Besides his immediate family, Morrisette leaves his parents, Joseph and Lois Morrisette of West Covina, Calif., and five siblings, Jim Morrisette of Dothan, Ala.; and Mary Bolton, John Morrisette, Cathy Coe and Maggie Morrisette, all of California.

"We're a very close family," said Bolton. "When I was 10 and Bill was 2, every afternoon, I'd sit in a rocking swing outside, sing songs to him and rock him to sleep, under a big avocado tree. Then my mom would come and put him to bed." Years later, when she taught at his high school, he'd come by her class every morning to say hi and chat.

His death leaves a deep void, but Bolton accepts it. "He's been sick for so long, we all kind of knew he was on borrowed time," she said. "I'm glad he went peacefully and didn't suffer at the end. He was my hero because he handled his whole ordeal so well. He remained positive and never complained."

She said Bill always made the family laugh. "He was the life of the party," she said. "The other night at dinner, I told everyone, 'We need Bill here to tell a joke.'"

Virginia Run's Shelly O'Neill recalled impromptu dinners her family and the Morrisettes once enjoyed, and just hanging out together in the neighborhood. During Bill's hospital stays, she helped with childcare; now she organizes lists of neighbors to help the Morrisettes with yardwork, meals and babysitting.

"Losing a father, for any child, is bad," said O'Neill. "But they've been going through it for so many years that [actually] they've been mourning him for almost four years."

Another longtime friend, Kristin Chambers of Confederate Ridge, met Geri through the Fairfax County Mothers of Multiples. "We did things together with our twins and then as couples," she said. "My husband and I became good friends with them."

Despite his illness, she said Bill was always at his children's school and sports functions. "He was a great family man, always involved with his kids," said Chambers. "It's very sad — he'll be missed by many people."
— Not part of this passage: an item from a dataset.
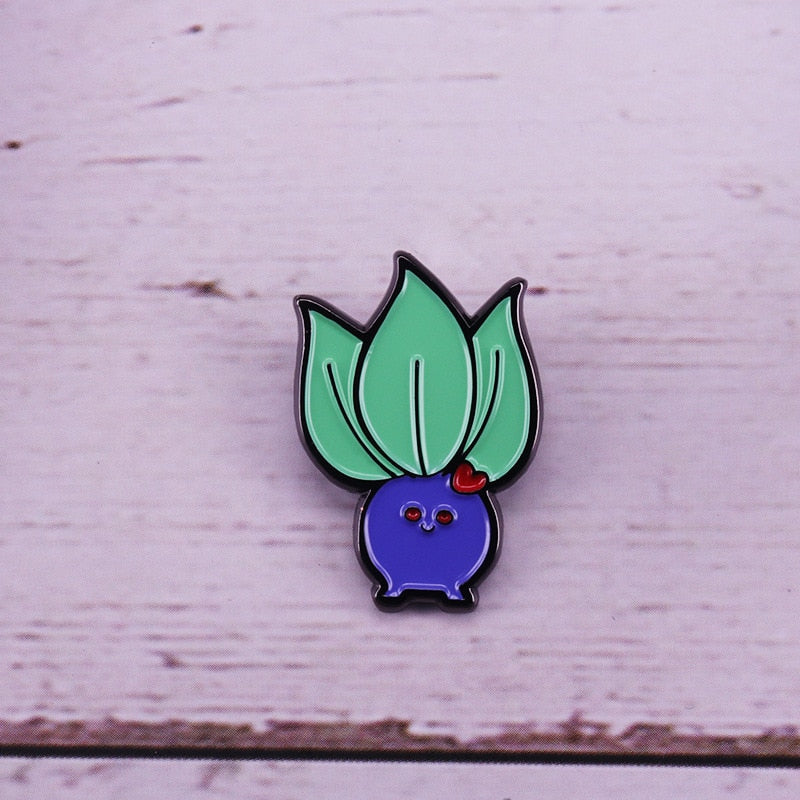Cute walking grass brooch Pokémon Pokemon badge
Also feeling the loss is Virginia Run's Jeff Nolan, who's known Bill since 1990. He met him through work, and they became good friends. In Nolan's eulogy at the funeral, he said, "We lost Bill too early, but his legacy is enormous — in his faith alone, made larger by his conduct, his compassion, his concern and his living of his faith, every day."

On the job, said Nolan, Bill had "integrity beyond reproach," and was "a tremendous boss and a tremendous friend." His illness progressed, but their friendship remained strong. The men went to Orioles games, movies, dinner, plus nurseries because of Bill's love of flowers and plants. "He was a fun guy to be around," said Nolan. "We spent a lot of time laughing."

But what impressed Nolan most was his buddy's optimism. "Bill never doubted his faith and that there'd be a cure — and he'd be the one to beat it," he said. "He had a tremendous will to go on and to live life in a normal way. He felt lucky and blessed to have the family that he did. He was the best of the best — I'm going to miss him terribly."

A Morrisette Children's Fund has been established at First Virginia Bank. Contributions, payable to Geraldine Morrisette, may be mailed to: Kristin Chambers, 14708 Pickets Post Road, Centreville, VA 20121.